Compares intra-chain and inter-chain variance. Returns NaN when fewer than 2 chains have been observed.

acf#

Normalized autocorrelation function, shape (max_lag+1,).

Averaged over chains. Returns None if no ACF data has been accumulated yet (max_lag == 0, decay != 1.0, or no updates).

Follows OnlineStats.jl AutoCov: per-lag autocovariance is recovered as

\[C(k) = E[x_t x_{t-k}] - E_{\rm lag}[x_{t-k}] \cdot E_{\rm cur}[x_t]\]

using the actual pair-subset means for each lag (not the global mean).

chain_means#

Per-chain mean estimates, shape (n_chains,).

Useful for computing cross-chain covariance matrices when combining multiple OnlineStats accumulators (e.g. in OnlineStatsBatch).

mean#

The current mean estimate (dtype matches the input data).

n_chains#

Number of Markov chains.

n_samples#

Total number of raw samples accumulated (never decayed).

tau_corr#

Integrated autocorrelation time (ACF-based if available, else batch).

tau_corr_acf#

Integrated autocorrelation time from the online ACF via Geyer IPS+IMS.

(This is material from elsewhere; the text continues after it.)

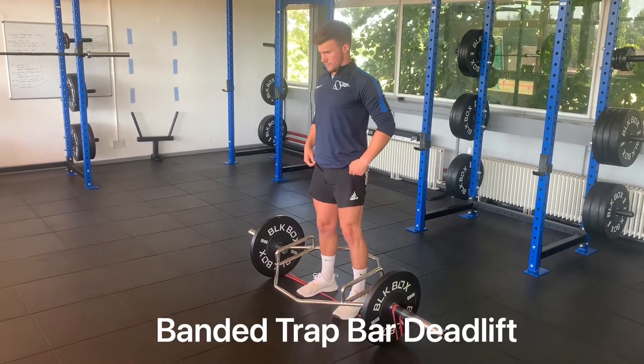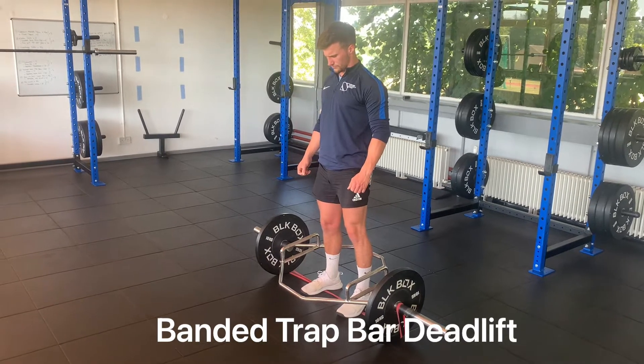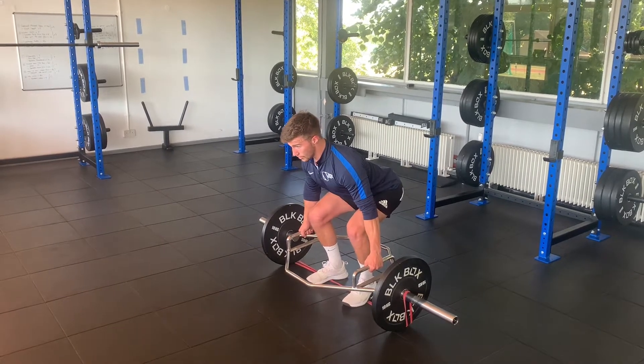Banded track bar deadlift. Feet hip-width, standing on a band which is wrapped around the track bar. We're going to bend into our start position with our knees pushing out towards our forearms.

Uses Geyer’s initial positive sequence (IPS): builds paired sums P[t] = rho[2t] + rho[2t+1] and discards all pairs from the first non-positive one onward. Then enforces the initial monotone sequence (IMS) condition by taking a cumulative minimum. Finally returns tau = 2 * sum(P) - 1.

This is more robust than the Sokal window when max_lag is finite: the Sokal condition m >= c*tau requires m ~ 5*tau, which exceeds max_lag for any tau > max_lag/5, leading to inflated estimates. Geyer IPS truncates at the natural decay of the ACF regardless of tau.

Returns NaN when max_lag == 0, when decay != 1.0, or before enough data has accumulated.

tau_corr_batch#

Integrated autocorrelation time estimated from between-chain (batch) variance.

For M independent Markov chains each of effective length n, the variance of the chain means B and the pooled within-chain variance W are related by:

\[\frac{B}{W} \approx \frac{1 + 2\tau}{n}\]

Rearranging gives the estimator:

\[\tau = \frac{1}{2}\left(\frac{n \, B}{W} - 1\right)\]

where:

  • \(n\) = effective samples per chain (n_samples_total / n_chains)

  • \(B\) = between-chain variance = Var(chain_means)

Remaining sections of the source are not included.